Review by Frank Plowright
Central to the mythos of Uncle Scrooge even before Don Rosa began codifying matters, was the period he spent mining his claim for gold in the Yukon. It was the foundation of his vast wealth, and when presented with the choice he sacrificed the love of a good woman for riches. Scrooge’s period in the Yukon was one of the very few occasions that Barks actually produced story material with a prolonged flashback (‘Back to the Klondike’).
Despite Scrooge’s Alaskan experiences being relatively well documented, Don Rosa still manages to weave a compelling story around him finding the goose egg nugget that defined the remainder of his life. This is no rapid, random good fortune. Rosa conveys the effort and toil and danger required before Scrooge strikes it rich, and as Barks never supplied the specific circumstances of Scrooge finding a massive gold nugget, Rosa does. It’s in an excellent manner typical of his offbeat plotting.
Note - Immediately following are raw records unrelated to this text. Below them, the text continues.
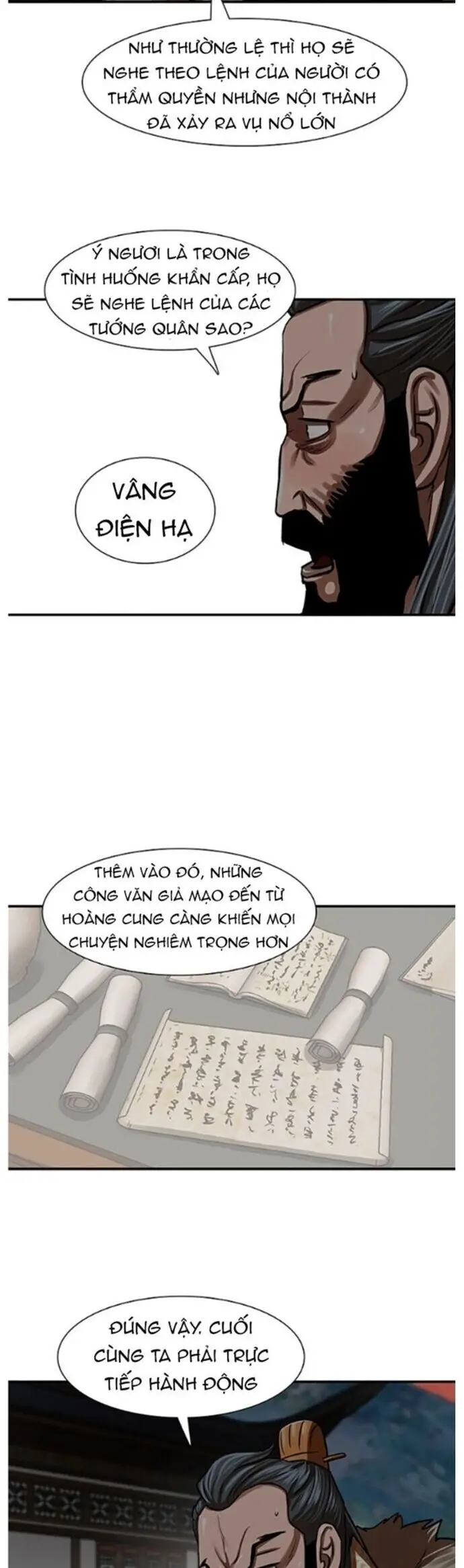 Hộ Vệ Nettruyen ZZZ Chương 219 Page 23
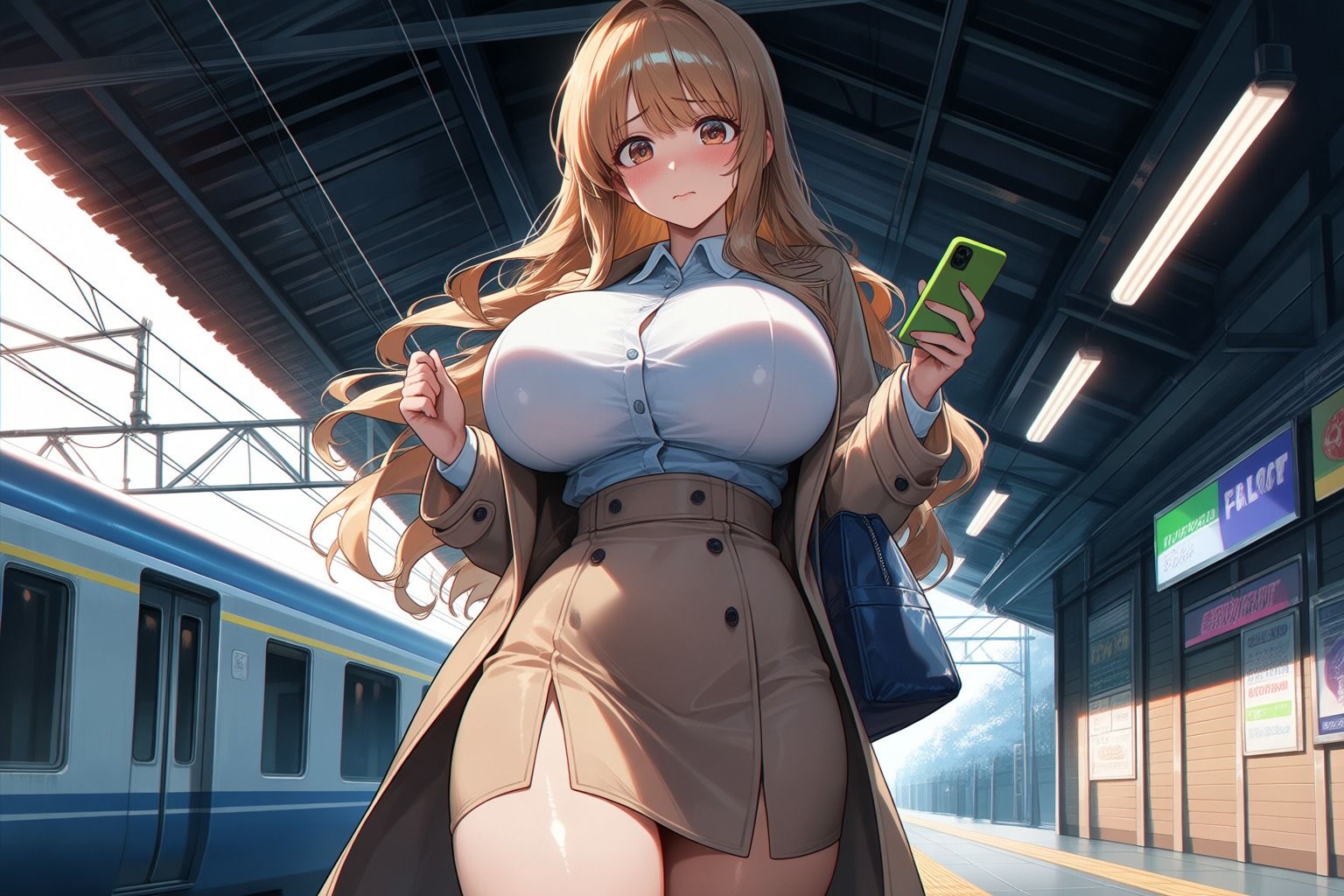 美人な女子がキモイおじさん達にめちゃくちゃに犯●れる話 サンプル4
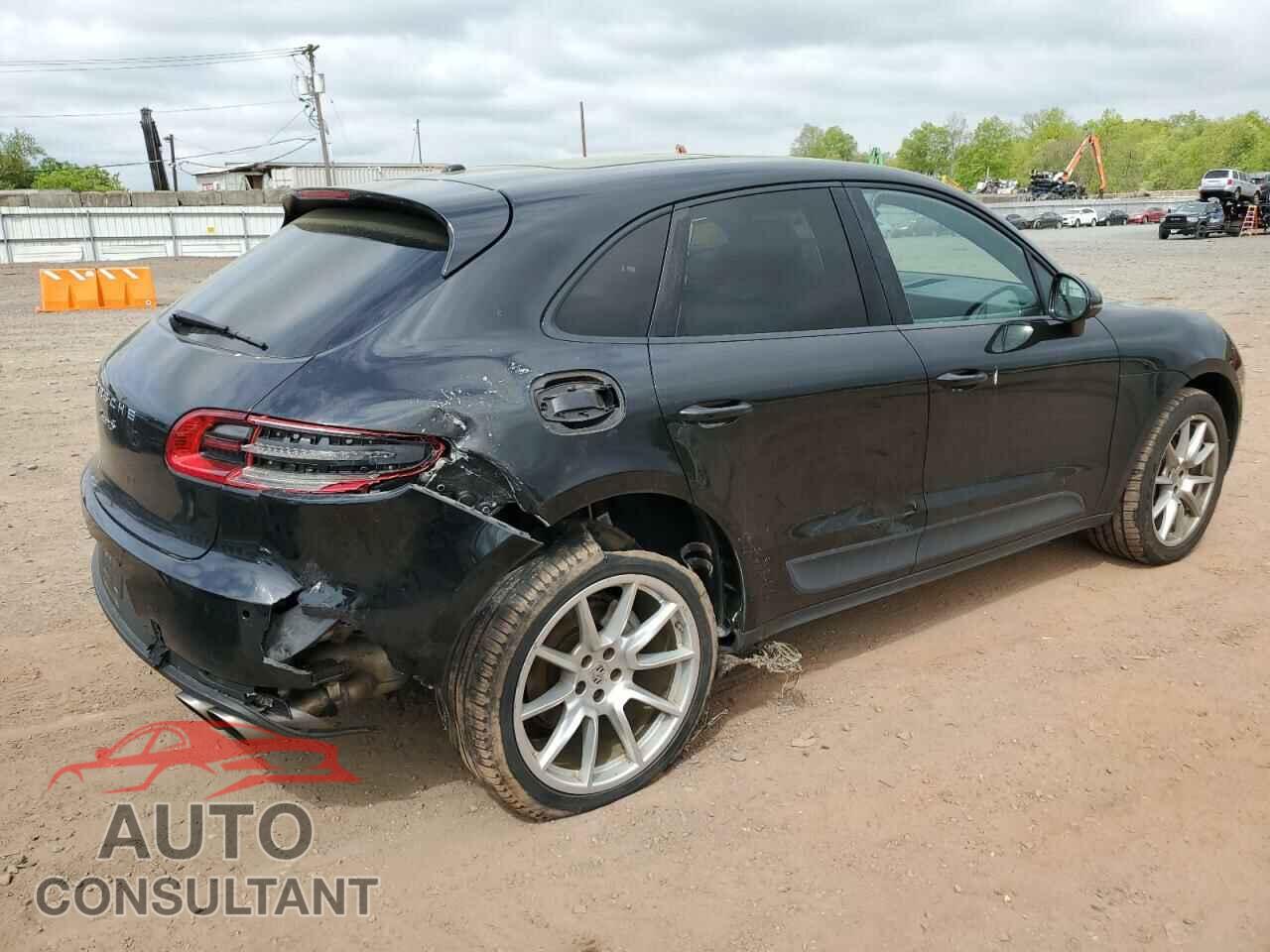 PORSCHE MACAN 2017 - WP1AB2A56HLB19264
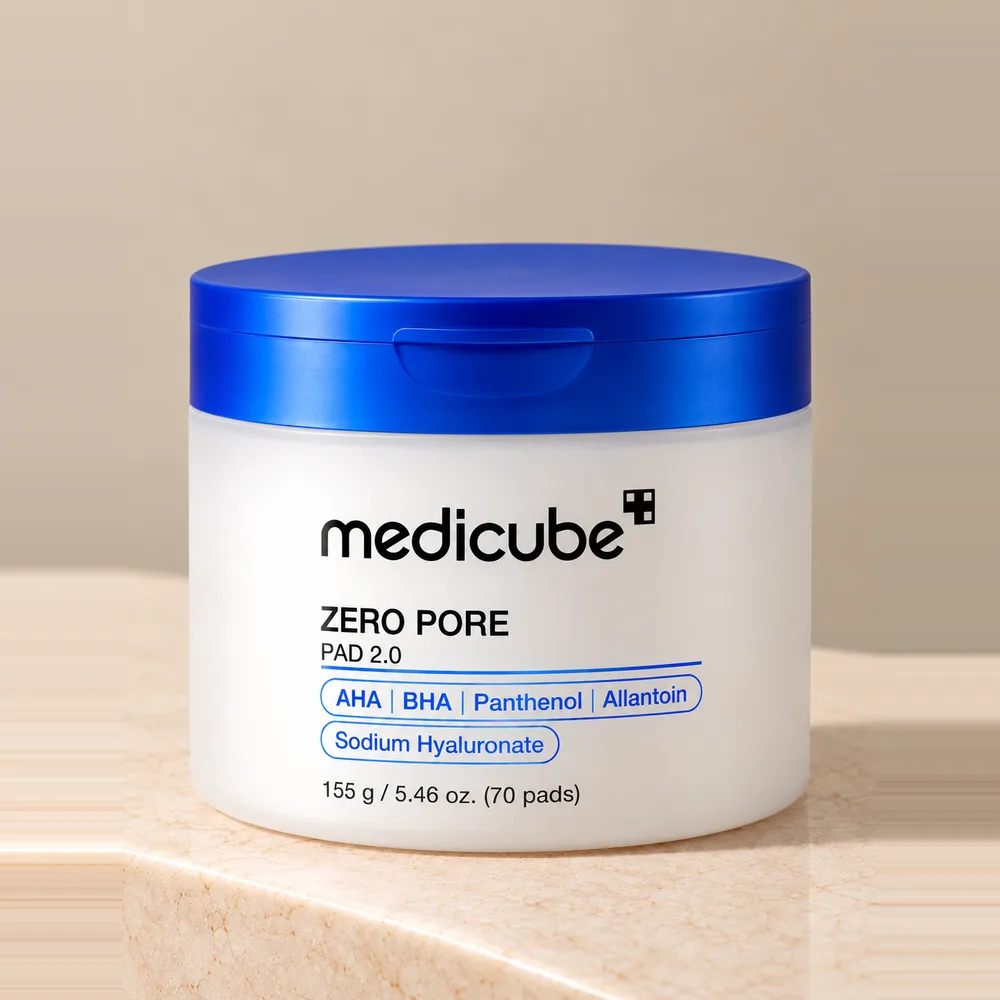 Zero Pore Pad 2.0 – Medicube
This selection also contains the weakest chapter, although that’s only relative to the overall quality, with Scrooge in Australia. It’s a whimsical piece that ties in allegorical interpretation of Scrooge’s future with the Aboriginal dreamtime. Beyond that, though, it doesn’t really add to the overall theme of Scrooge learning lessons shaping the man he’ll become, although he does resist the temptation of easy riches.
There’s more of that man in the final chapter. Rosa’s notes remark on the Yukon story presenting the peak of Scrooge’s positive development, and once wealthy he develops a mistrust of others, assessing everyone in terms of how likely they are to want what he has. There’s an outburst when he returns to Dismal Downs in Scotland that points to the future, along with a lot of good gags as the attitude of the locals changes, and he takes part in the highland games. We also see him purchase the red jacket in which he’s commonly been seen ever since.
It’s largely a touching and good natured visit back to Scotland, and the final time Scrooge’s homeland is seen in the series. As such, Rosa drops in an excellently conceived conclusion, and there’s also a larger part for his sisters, one being Donald Duck’s mother Hortense.
The following volume of this serialisation picks up shortly after this conclusion, as Scrooge settles in Duckburg in 1902 to 1947. Those who’d prefer can find the entire saga available as a more traditional sized graphic novel both in paperback and hardback. These Gladstone editions are now harder to find, but have the bonus of presenting Rosa’s art on a considerably larger scale.